The genocide that took place in the tiny Central African country of Rwanda was one of the most intensive killing campaigns in human history. The Rwandan Genocide happened in 1994 when hundreds of thousands of ethnic Tutsis and Hutu sympathizers were killed. This genocide was mostly carried out by an extremist Hutu militia group called the Interahamwe during a period of about 100 days from April 6 through mid-July of 1994. The murderers did not usually use guns, but used machetes or hoes to kill their victims. Over 800,000 Tutsis and thousands of Hutu sympathizers died in the genocide, with some reports estimating the total number of victims to be over one million.

Background

The roots or cause of Rwanda's genocide come from its experience as a European colony. Rwanda was first occupied and colonized by the Germans from 1894 until about 1916. During World War I, however, the country was taken over by the Belgians, who ruled until they were forced to give Rwanda independence in 1962 because of boycotts and strikes. Using the classic strategy of "divide and rule," the Belgians granted prefered status to the Tutsi minority in Rwanda. They helped Tutsi land owners and gave the Tutsis jobs in the government as mayors, judges, soldiers, and police. In pre-colonial Rwanda, the Tutsis had already dominated the Rwandan aristocracy by owning the land and renting it out to the Hutus.

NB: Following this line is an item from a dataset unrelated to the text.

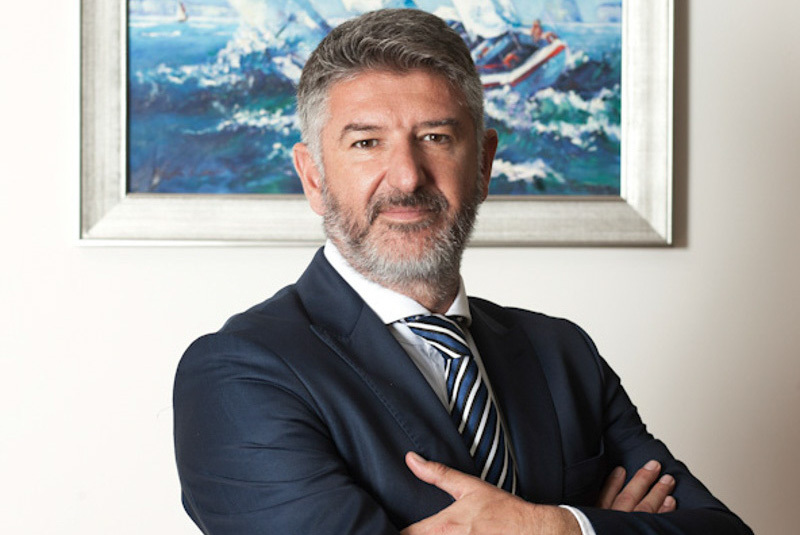 Tezmaksan Akademi'den eğitimi sanayinin ihtiyaçlarıyla buluşturan AB Projesi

The Belgians then divided the people of Rwanda by their physical characteristics. The Tutsi were generally tall, thin, and more 'European' in their appearance because of their sometimes lighter skin as opposed to the shorter, stockier, darker skinned Hutu. The colonizers decided that the Tutsi and the Hutu were two different races even though in reality they weren’t. They were both African tribes. Because of the Europeans racial theories of the late 19th and early 20th centuries, the Tutsi, with their more 'European' appearance, were considered better and more intelligent than the Hutu. The Belgians started an identity-card system that designated every Rwandan citizen as Hutu, Tutsi, or Twa (the Pygmy minority group). The policy made it the law that every citizen had to carry the identity card, which said their ethnicity on it. The policy of carrying identity cards was kept by the Rwandan government even after the country gained independence from Belgium in 1962. This made it easier for the killers to identify the Tutsi, when the genocide started.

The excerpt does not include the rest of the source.